The first stop on our journey to see all things good and green was Macassar High School in Somerset West, where we’d be doing the first of over 60 project assessments for Food & Trees for Africa.

We hopped on our scooters and headed out to the township of Macassar, where unemployment, poverty and drug abuse is rife. Teenagers loitered on street corners, staring at us curiously as we passed.

A cacophony of barking dogs followed us as we passed ramshackle houses, separated from the road with barbed-wire gates. We met up with Mr Jusuf Abrahams, the school’s principal, whose passion for the school and his garden comes across instantly.

Macassar High School indigenous garden

All images © Christopher List Photography

“Even a dog has a better life than some of these kids”, he tells me. “Teaching is not only about learning A, B, C and 1, 2, 3; it’s about instilling values and morals as well.

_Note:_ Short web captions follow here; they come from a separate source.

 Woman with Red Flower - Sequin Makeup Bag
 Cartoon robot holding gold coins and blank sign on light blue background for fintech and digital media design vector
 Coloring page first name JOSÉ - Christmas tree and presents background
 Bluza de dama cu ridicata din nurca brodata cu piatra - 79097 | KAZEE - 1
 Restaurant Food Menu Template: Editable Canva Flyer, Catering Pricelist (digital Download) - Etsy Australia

The lifestyle and environment of these kids is not great, so I want the school to be their haven”, he continues. “Ultimately, I want to cultivate respect for plants and animals, so that students appreciate what God has given us”.

Mr Abraham’s started the school’s food garden two years ago, with the idea to provide school kids with a hot soup every day.

Food Garden at Macassar High School

Today, the school produces beans, sweet potato, turnips, spinach, onions, carrot, peppers, cucumber and tomato, as well as herbs such as parsley, fennel, mint and origanum, all of which are grown organically, using no pesticides or fertilisers.

Seeing the success of the food garden and feeding scheme, Peninsula Feeding scheme are now sponsoring Macassar High students with a hot plate of food every day. “All because of a small little project from our school garden”, Mr Abrahams says proudly.

This allows the school to sell the produce to the teachers and the community, raising money to buy more seed packets and plants, and donating any excess to local feeding schemes.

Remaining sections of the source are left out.